German far-left leader calls for social uprising against government

Published 25.12.2018 00:27
Updated 25.12.2018 08:08
The yellow vest revolt in France over the high cost of living has sparked copycat protests worldwide.
The yellow vest revolt in France over the high cost of living has sparked copycat protests worldwide.

German far-left leader Sahra Wagenknecht took the 'yellow vest' protests in France as a model and called for resistance to a government of the rich in Germany

Alluding to the "yellow vest" protests, which spread from France to many European countries, German far-left Die Linke party's parliamentary group leader Sahra Wagenknecht demanded similar protests while posing wearing a yellow vest.

In a 75-second video clip published on the website of Aufstehen (Stand up) movement, she said that Germans also need to raise their voices neglected by politicians for many years. Wagenknecht's Twitter account was blocked, after giving the yellow vest message to the German people.

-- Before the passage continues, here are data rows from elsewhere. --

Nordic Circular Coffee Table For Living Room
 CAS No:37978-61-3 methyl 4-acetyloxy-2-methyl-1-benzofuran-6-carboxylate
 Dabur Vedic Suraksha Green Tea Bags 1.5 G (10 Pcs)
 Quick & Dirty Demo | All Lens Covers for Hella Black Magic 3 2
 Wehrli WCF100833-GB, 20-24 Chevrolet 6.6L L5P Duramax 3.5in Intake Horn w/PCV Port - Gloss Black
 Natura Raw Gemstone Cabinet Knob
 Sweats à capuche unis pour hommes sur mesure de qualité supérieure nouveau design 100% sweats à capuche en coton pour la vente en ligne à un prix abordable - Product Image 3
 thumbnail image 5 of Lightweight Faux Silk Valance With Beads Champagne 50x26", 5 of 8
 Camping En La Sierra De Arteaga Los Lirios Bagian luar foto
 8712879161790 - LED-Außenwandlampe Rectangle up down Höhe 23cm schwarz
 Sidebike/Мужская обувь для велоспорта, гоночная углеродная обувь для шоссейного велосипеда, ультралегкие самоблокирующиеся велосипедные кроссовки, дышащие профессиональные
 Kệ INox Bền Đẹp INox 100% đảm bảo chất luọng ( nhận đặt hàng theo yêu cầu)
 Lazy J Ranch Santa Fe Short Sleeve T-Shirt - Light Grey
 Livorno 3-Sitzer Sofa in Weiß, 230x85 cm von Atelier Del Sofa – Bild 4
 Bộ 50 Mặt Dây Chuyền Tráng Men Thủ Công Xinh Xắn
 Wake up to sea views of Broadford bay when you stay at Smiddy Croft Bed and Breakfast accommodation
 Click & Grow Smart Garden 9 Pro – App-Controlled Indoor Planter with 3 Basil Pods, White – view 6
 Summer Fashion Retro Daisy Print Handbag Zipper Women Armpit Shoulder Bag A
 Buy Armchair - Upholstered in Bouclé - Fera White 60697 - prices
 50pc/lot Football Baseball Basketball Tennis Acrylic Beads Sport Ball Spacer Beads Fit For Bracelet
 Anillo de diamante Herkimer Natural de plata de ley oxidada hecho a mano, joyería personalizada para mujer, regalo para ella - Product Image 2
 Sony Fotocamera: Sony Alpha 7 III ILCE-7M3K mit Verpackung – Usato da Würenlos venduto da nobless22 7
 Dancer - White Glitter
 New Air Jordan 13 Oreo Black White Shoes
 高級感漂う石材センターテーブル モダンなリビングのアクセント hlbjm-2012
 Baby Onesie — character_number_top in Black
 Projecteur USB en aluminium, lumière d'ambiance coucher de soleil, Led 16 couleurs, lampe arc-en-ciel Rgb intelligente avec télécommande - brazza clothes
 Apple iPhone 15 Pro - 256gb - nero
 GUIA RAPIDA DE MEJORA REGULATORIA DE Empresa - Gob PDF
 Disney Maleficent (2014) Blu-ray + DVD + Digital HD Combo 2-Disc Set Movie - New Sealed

"I think we also need such pressure in Germany," Wagenknecht said in her video. Taxes, pensions and wages also "are always policies for wealthy clients and large companies," she said, as reported by the German newspaper, Der Tagesspiegel. "There must be more resistance in Germany, and here too we need many people who are ready to go the street," she said.

German Chancellor Angela Merkel earlier referred to the far-left Die Linke party's support for France's yellow vest movement as "scandalous." Speaking in parliament, Merkel slammed the party's members for having "said nothing about the violence that has been employed on the streets" during the anti-government protests in France. Merkel also called on the far-left party to distance itself from the riots.

However, the attitude of the left to the protest movement is not clear. Die Linke's Wagenknecht said the French protests were a role model for Germany, while party leader Bernd Riexinger said "fraternization" between left and right-wingers in the yellow vest movement was worrying.

In September, Wagenknecht launched the new political movement, Aufstehen, saying the people of Germany "no longer feel represented by those in power." "In a country where, despite economic growth, 40 percent of residents have less net income than 20 years ago, democracy is no longer working," Wagenknecht said, speaking at a press conference in Berlin.

According to the German Socialist Equality Party (SGP) reports, many German workers have had an affinity for the yellow vest protests in France. Since mid-November, protesters wearing yellow safety bibs have taken to the streets and blocked roads and roundabouts around France. The protests led to huge rioting and clashes in Paris earlier this month. The largely leaderless movement initially opposed planned fuel tax rises, now canceled, but has since raised a wider range of demands including higher wages, tax cuts and a constitutional amendment to allow voters to initiate referendums on policy issues.

On Friday, France's parliament approved a spending package meant to placate the yellow vest protesters. The legislation calls for overtime pay to be exempt from taxes and ancillary employment costs from next year.

France's prime minister met yesterday with police officers targeted by violent yellow vest protesters, in a show of support amid growing concerns about growing brutality from both sides over the weekend.